永井さんの体全体を使ったダイナミックな演奏は、男性を思わせる力強さの中に伸びやかな音色をひびかせ、一方、武久さんのチェンバロは控えめな音色で、その演奏姿勢ともども、どちらかといえば静謐な感じさえ受けた。その合奏が何ともいえない、これまでにあまり聞いたことのない音楽の世界へ誘ってくれた。
武久源造さんは目が不自由である。子供のときに目の病に受け今や全盲と聞いた。これも聞いた話であるが、祖先にドイツ系の血を持つそうで、そのいでたち、演奏姿勢は、まさにゲルマン民族の威厳と日本民族の静謐を併せ持つようであった。チェンバロを演奏しながら指揮する指の動きは、ゲルギェフの指揮を彷彿させるものがあった。
それよりも驚いたことがある。武久氏は、目が不自由でも、演台に立って自己の楽器の音を発した響き具合で、その会場の広さや人の集まり具合(会場に何人ぐらいいるかなど)が分かるという。

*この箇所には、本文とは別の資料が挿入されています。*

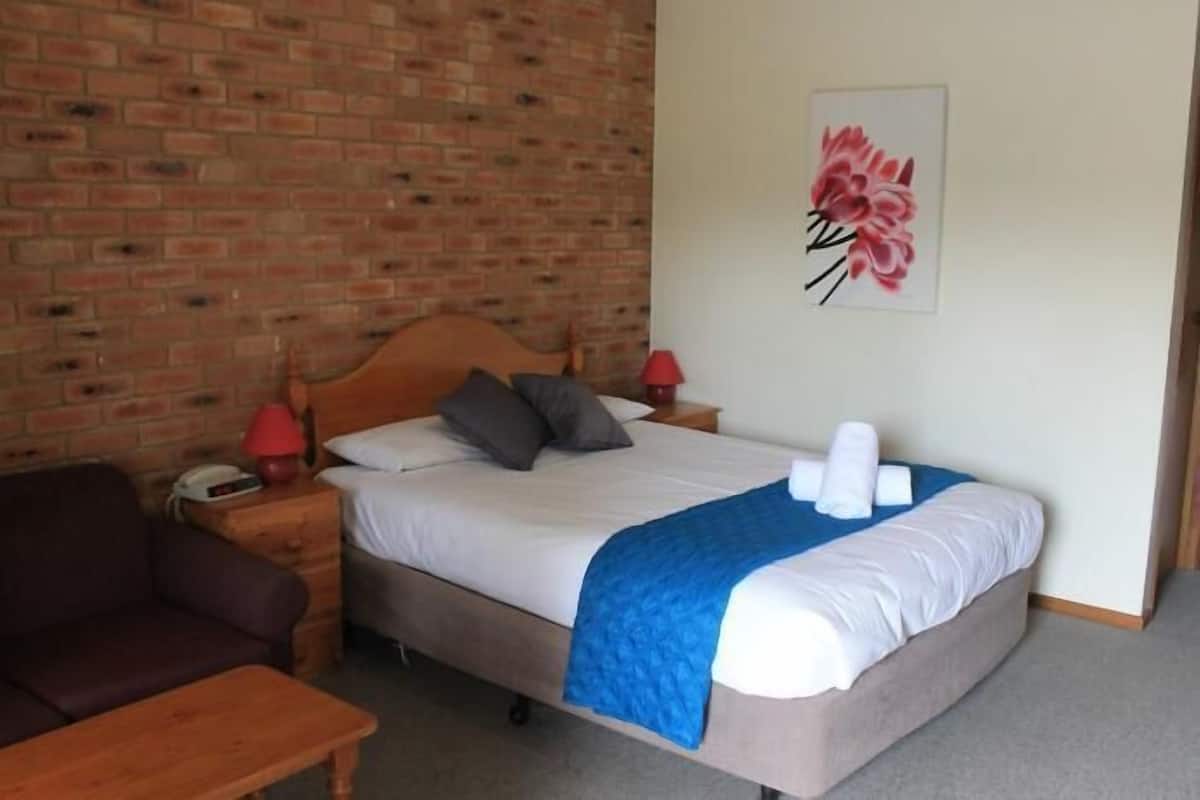 Habitación Deluxe, hidromasaje (Family Deluxe Spa) | Minibar, tabla de planchar con plancha y ropa de cama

また、常人にはとても聞き取れない音を聞くことができるようで、ある演奏中に、二階の部屋の水道の水が漏れている音が気になる、と指摘したことがあるという。
どのような感覚を持っているのだろうか? 想像を絶する世界に住んでいる人の演奏が、冒頭に書いた「かってない印象を残してくれた」のであろう。